### What the exercise asks
Restate the listing below word for word, pictures excluded.

### Supplied material
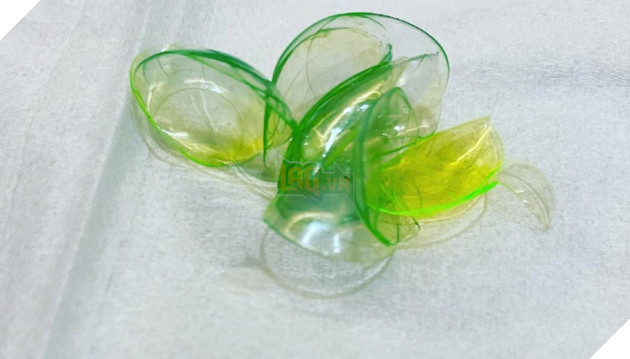 Kinh hãi với người phụ nữ bỏ quên 23 kính áp tròng trong mắt nhiều năm trời  2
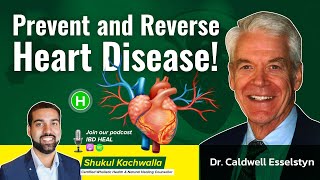 Dr Caldwell Esselstyn  Prevent and Reverse Heart Disease [upl. by Raouf]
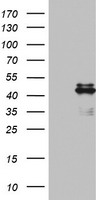 Ornithine Carbamoyltransferase Antibody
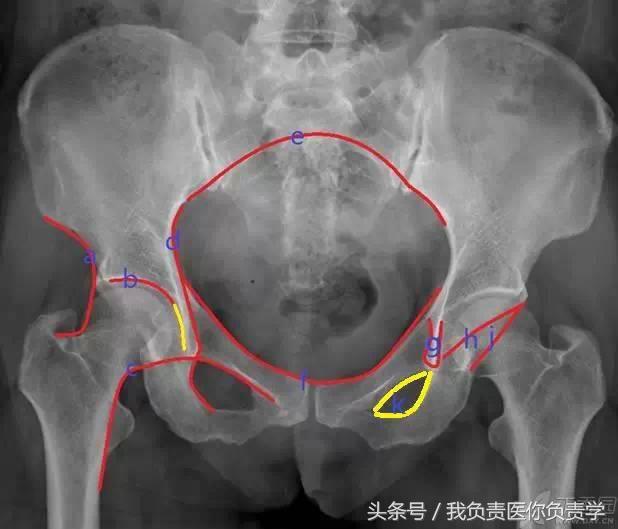 正常骨盆x线片详解,骨科医生只看报告单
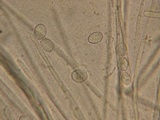 Wilcoxina rehmii image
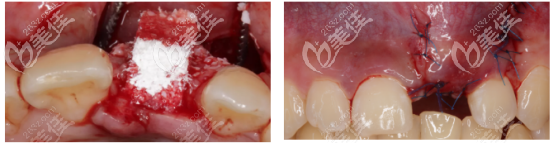 植入骨粉的样子 植入骨粉的样子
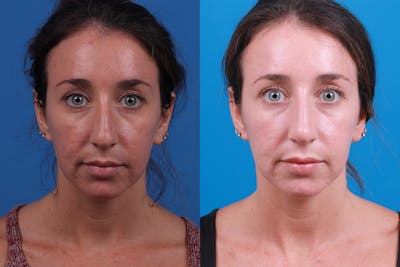 Lip Fillers Before & After Gallery - Patient 122406098 - Image 1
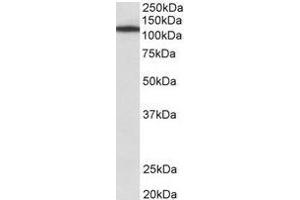 Staining of NIH3T3 lysate using Myosin-Ib antibody at 1 µg/ml (35µg protein in RIPA buffer). (Myosin IB 抗体  (Internal Region))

### Task answer
 Kinh hãi với người phụ nữ bỏ quên 23 kính áp tròng trong mắt nhiều năm trời  2
 Dr Caldwell Esselstyn  Prevent and Reverse Heart Disease [upl. by Raouf]
 Ornithine Carbamoyltransferase Antibody
 正常骨盆x线片详解,骨科医生只看报告单
 Wilcoxina rehmii image
 植入骨粉的样子 植入骨粉的样子
 Lip Fillers Before & After Gallery - Patient 122406098 - Image 1
 Staining of NIH3T3 lysate using Myosin-Ib antibody at 1 µg/ml (35µg protein in RIPA buffer). (Myosin IB 抗体  (Internal Region))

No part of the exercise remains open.